= Beginning of Section =
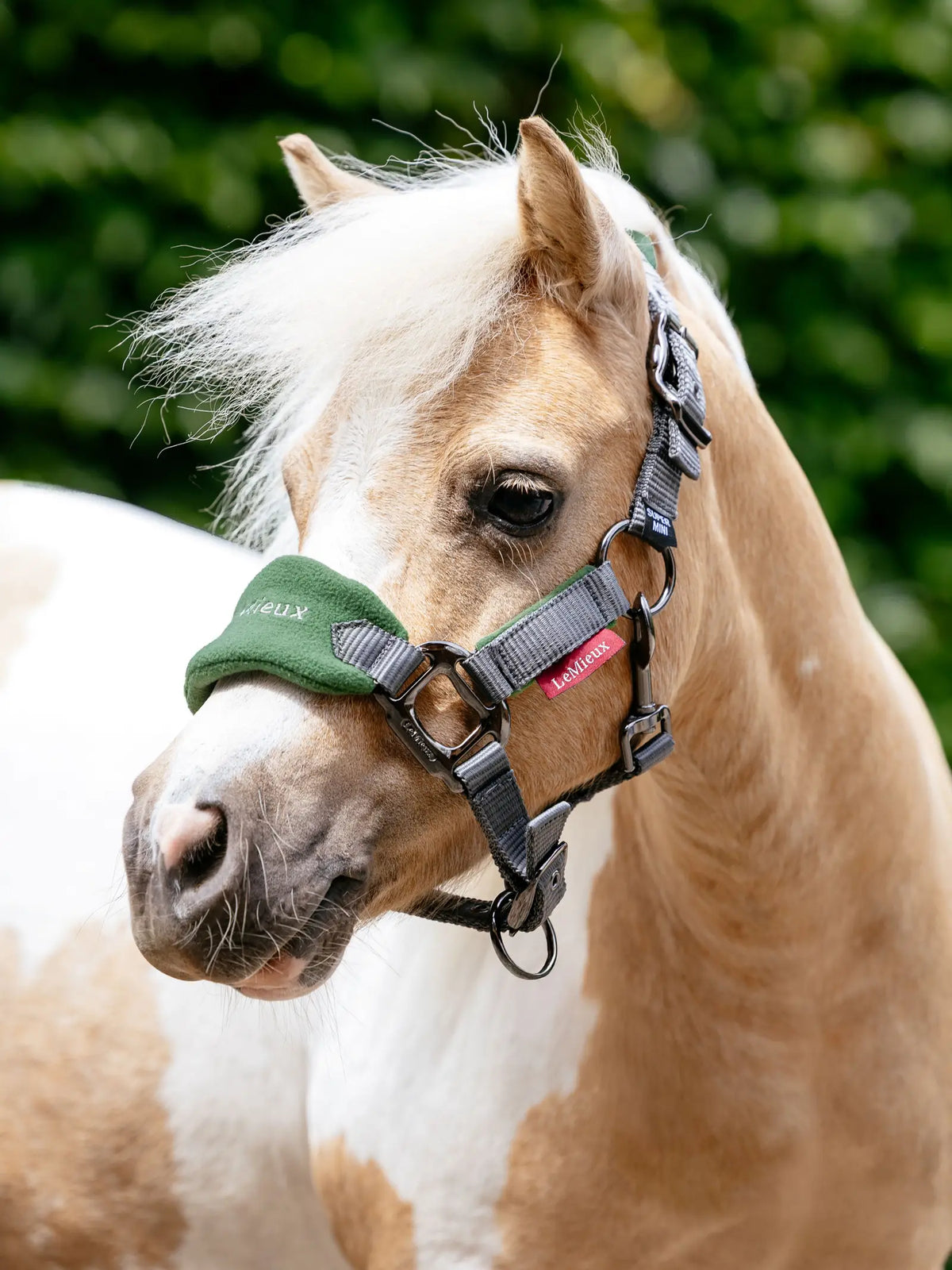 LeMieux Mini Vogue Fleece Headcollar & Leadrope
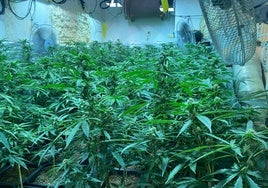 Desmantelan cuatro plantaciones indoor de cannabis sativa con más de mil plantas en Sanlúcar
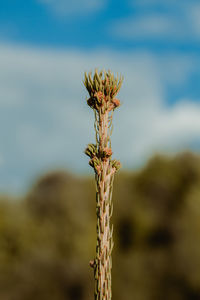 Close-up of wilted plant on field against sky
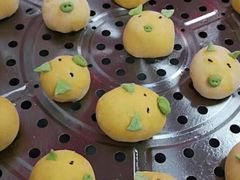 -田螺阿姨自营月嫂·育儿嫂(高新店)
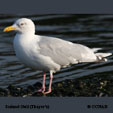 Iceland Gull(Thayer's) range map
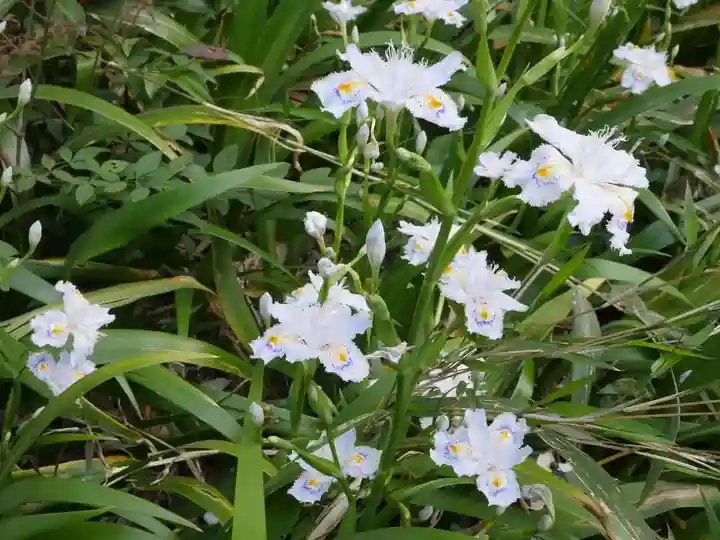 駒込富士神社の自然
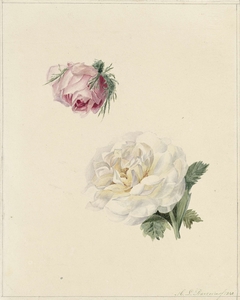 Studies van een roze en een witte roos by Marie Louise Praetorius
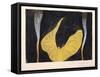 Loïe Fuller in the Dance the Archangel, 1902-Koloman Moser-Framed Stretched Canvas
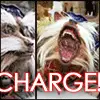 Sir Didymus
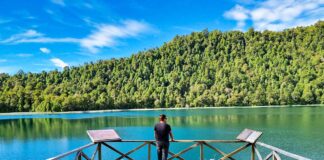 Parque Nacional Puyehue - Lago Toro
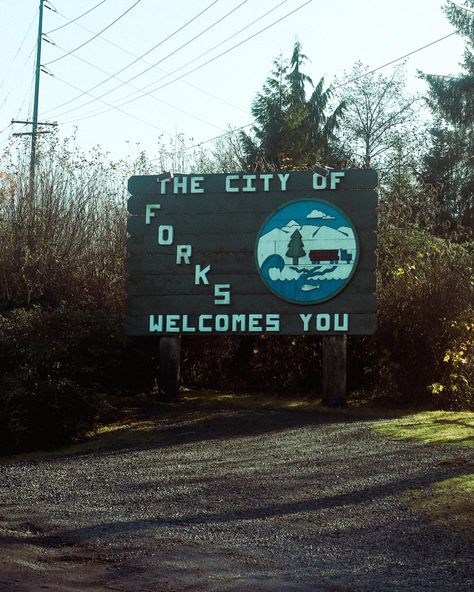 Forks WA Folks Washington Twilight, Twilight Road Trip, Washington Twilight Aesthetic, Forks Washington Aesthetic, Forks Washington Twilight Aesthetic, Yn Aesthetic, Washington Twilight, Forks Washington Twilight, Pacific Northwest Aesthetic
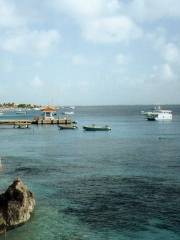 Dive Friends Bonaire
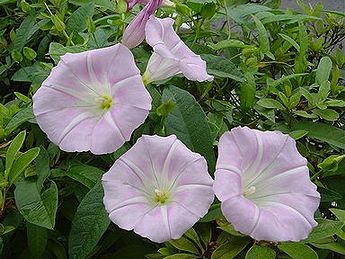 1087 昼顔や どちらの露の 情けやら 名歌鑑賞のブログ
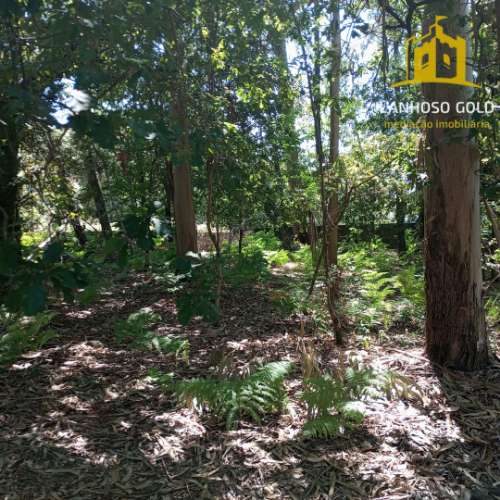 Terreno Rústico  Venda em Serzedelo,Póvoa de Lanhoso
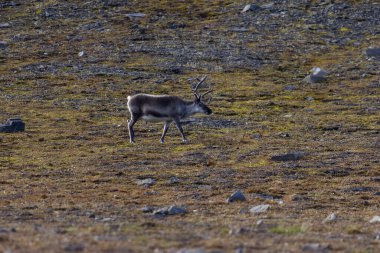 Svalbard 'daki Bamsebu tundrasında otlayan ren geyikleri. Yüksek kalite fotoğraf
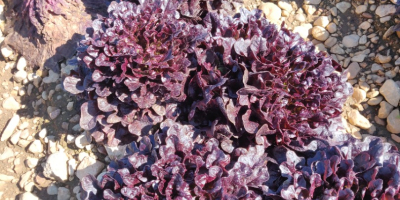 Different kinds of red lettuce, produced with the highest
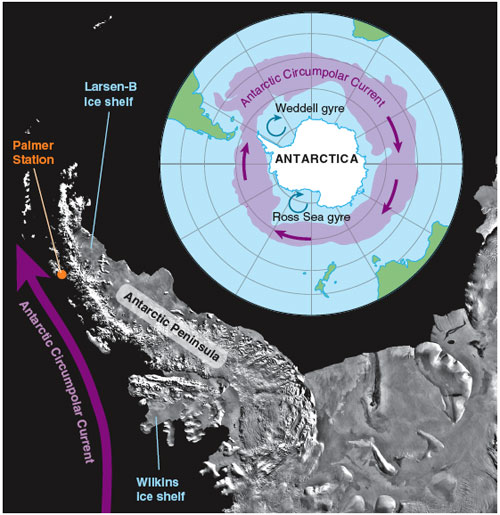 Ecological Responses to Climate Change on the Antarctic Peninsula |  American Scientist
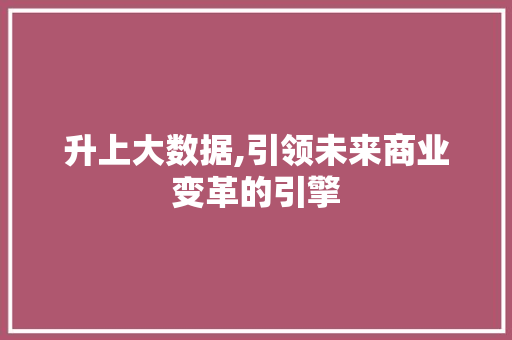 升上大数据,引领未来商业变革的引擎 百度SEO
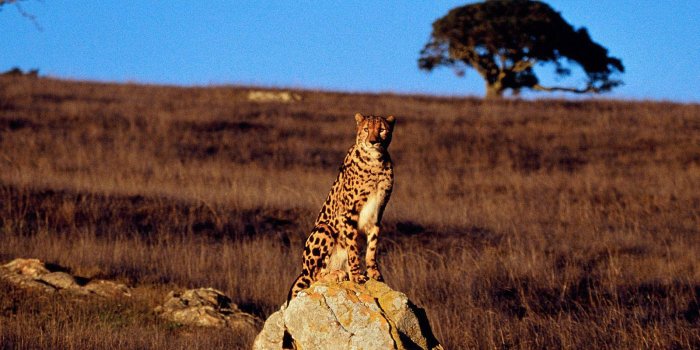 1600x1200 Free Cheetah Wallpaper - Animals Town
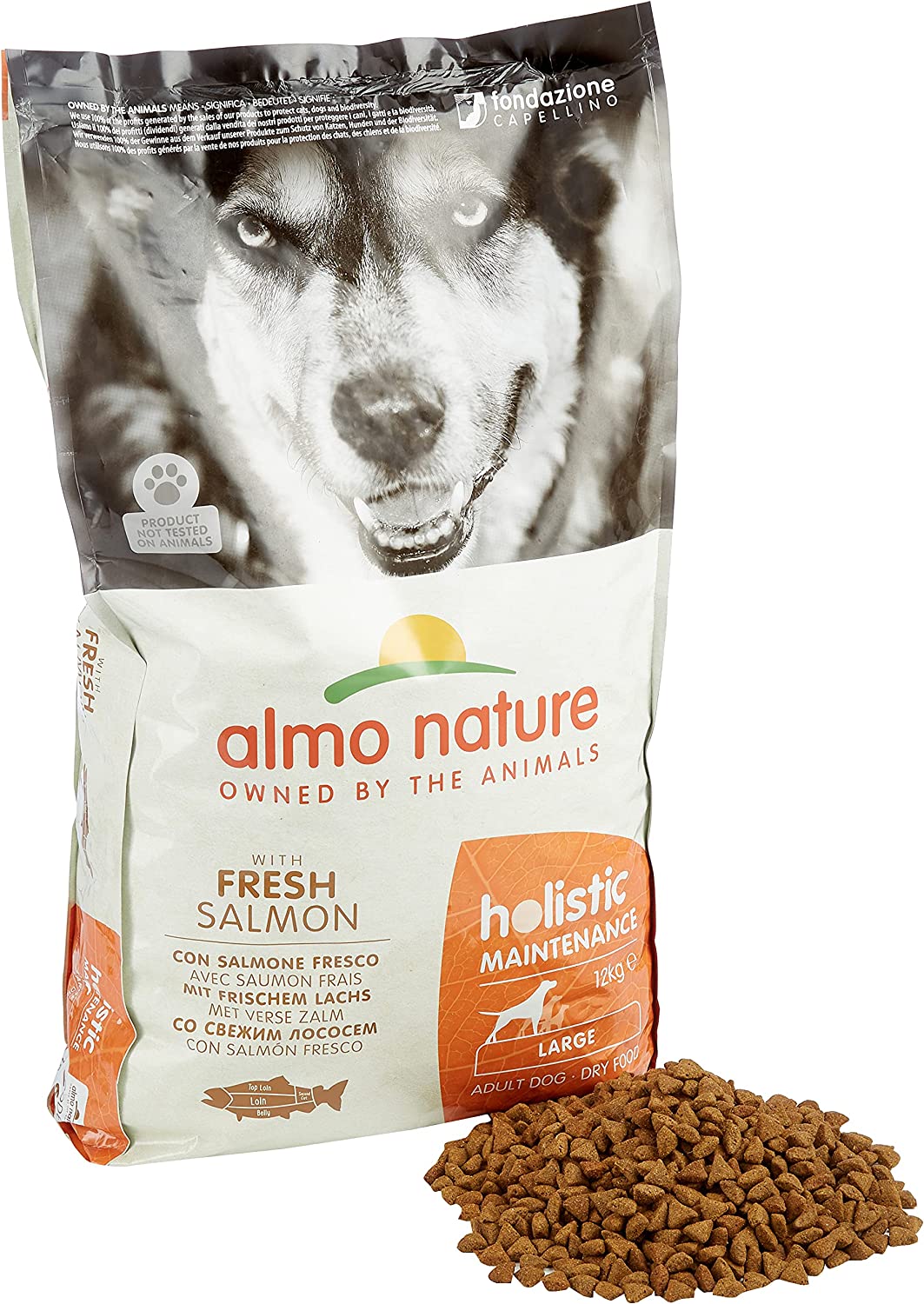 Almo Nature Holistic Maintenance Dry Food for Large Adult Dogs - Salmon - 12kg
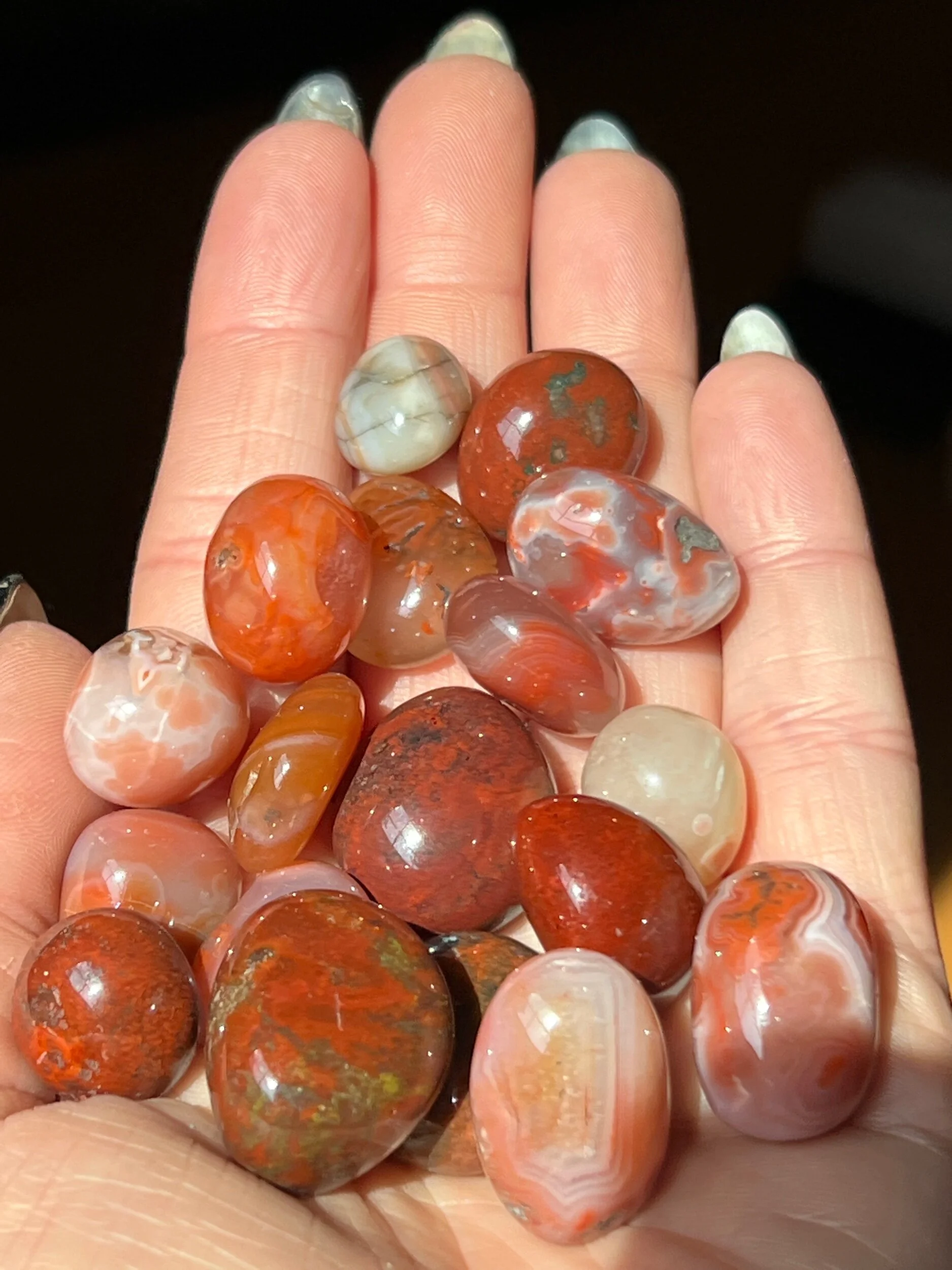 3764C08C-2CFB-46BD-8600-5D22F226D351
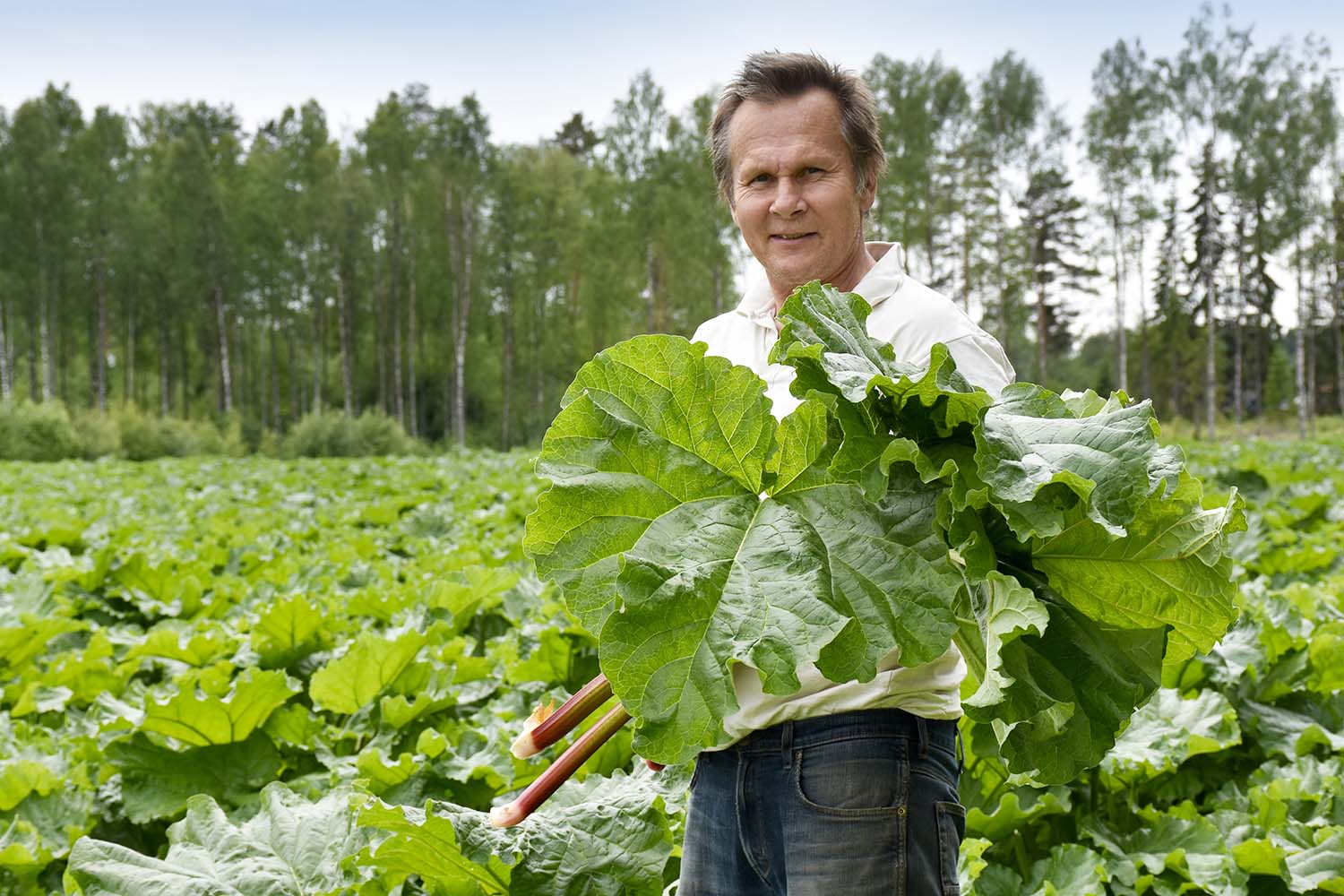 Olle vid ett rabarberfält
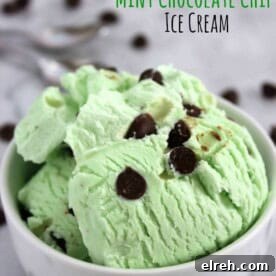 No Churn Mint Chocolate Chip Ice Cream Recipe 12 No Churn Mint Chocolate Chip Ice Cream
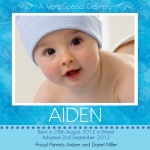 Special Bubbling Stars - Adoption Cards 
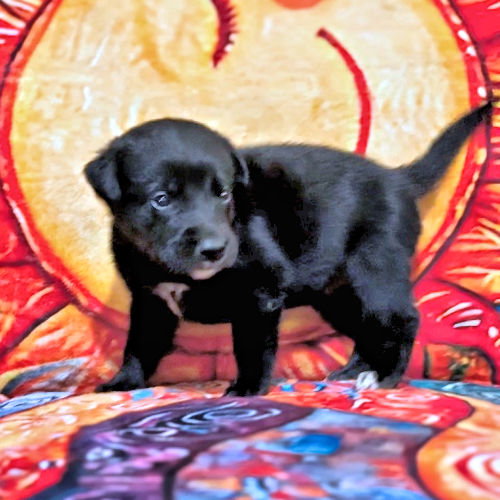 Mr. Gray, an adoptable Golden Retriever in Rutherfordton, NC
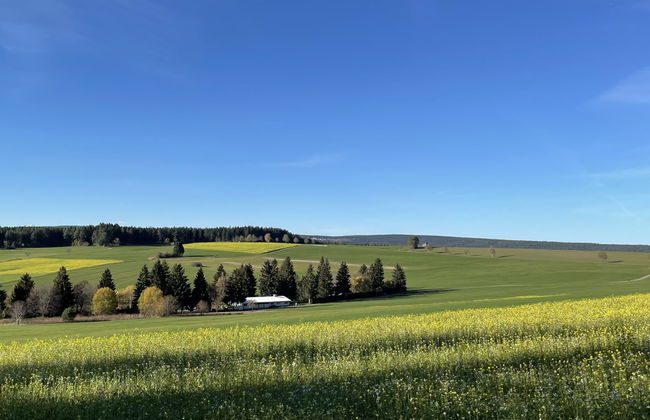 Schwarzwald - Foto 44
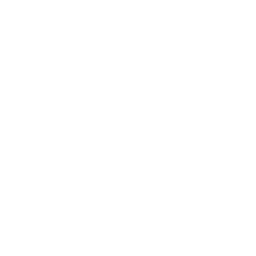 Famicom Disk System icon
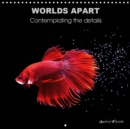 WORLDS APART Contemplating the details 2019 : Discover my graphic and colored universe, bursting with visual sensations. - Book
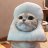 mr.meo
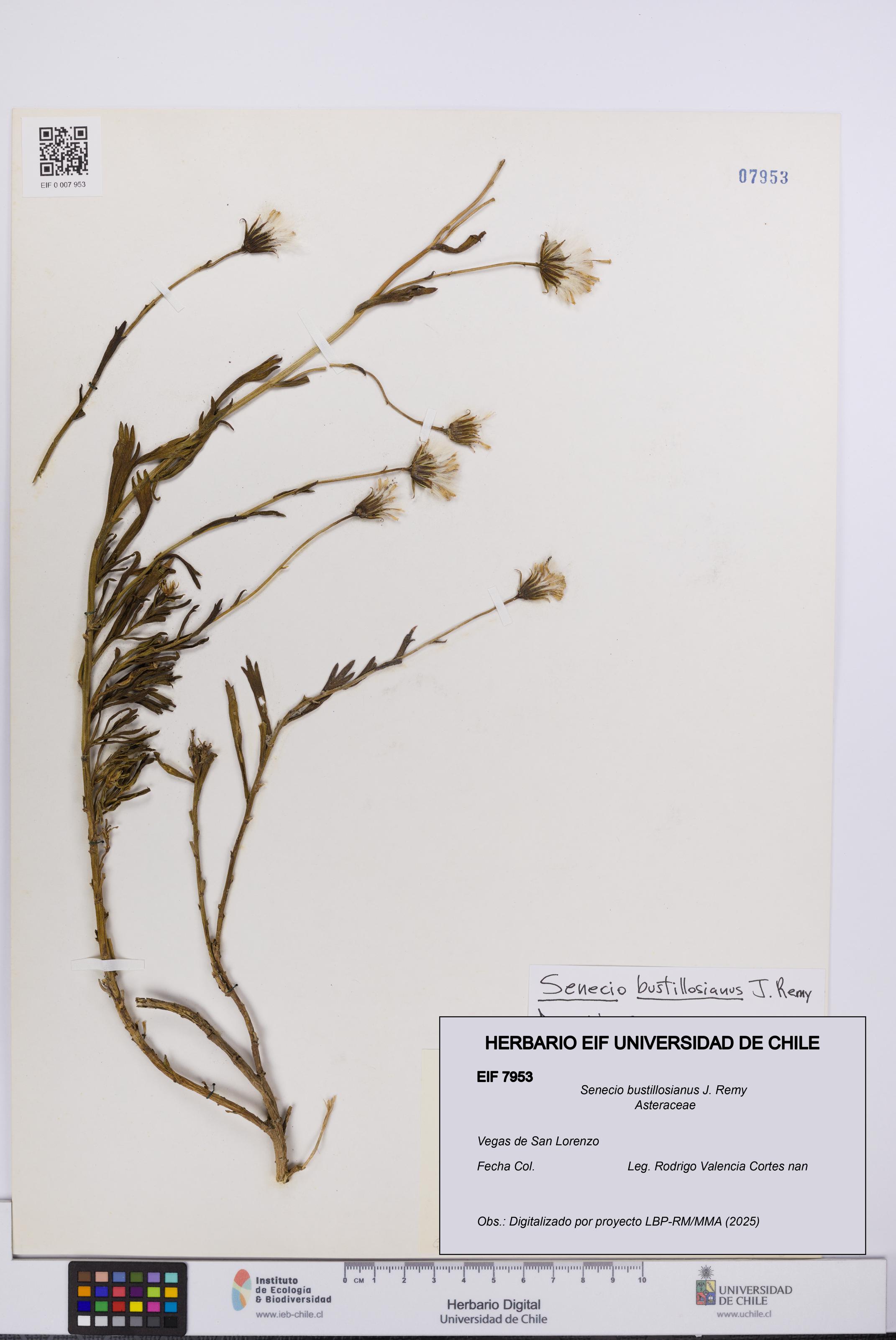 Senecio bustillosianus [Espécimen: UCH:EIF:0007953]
= End of Section =
* _WHAT YOU ARE ASKED TO DO_: A faithful copy is needed of the lines from the one containing "1087 昼顔や どちらの露の 情けやら 名歌鑑賞のブログ" through the last line of the data above, with pictures left out.

* _TASK RESULT_:
 1087 昼顔や どちらの露の 情けやら 名歌鑑賞のブログ
 Terreno Rústico  Venda em Serzedelo,Póvoa de Lanhoso
 Svalbard 'daki Bamsebu tundrasında otlayan ren geyikleri. Yüksek kalite fotoğraf
 Different kinds of red lettuce, produced with the highest
 Ecological Responses to Climate Change on the Antarctic Peninsula |  American Scientist
 升上大数据,引领未来商业变革的引擎 百度SEO
 1600x1200 Free Cheetah Wallpaper - Animals Town
 Almo Nature Holistic Maintenance Dry Food for Large Adult Dogs - Salmon - 12kg
 3764C08C-2CFB-46BD-8600-5D22F226D351
 Olle vid ett rabarberfält
 No Churn Mint Chocolate Chip Ice Cream Recipe 12 No Churn Mint Chocolate Chip Ice Cream
 Special Bubbling Stars - Adoption Cards 
 Mr. Gray, an adoptable Golden Retriever in Rutherfordton, NC
 Schwarzwald - Foto 44
 Famicom Disk System icon
 WORLDS APART Contemplating the details 2019 : Discover my graphic and colored universe, bursting with visual sensations. - Book
 mr.meo
 Senecio bustillosianus [Espécimen: UCH:EIF:0007953]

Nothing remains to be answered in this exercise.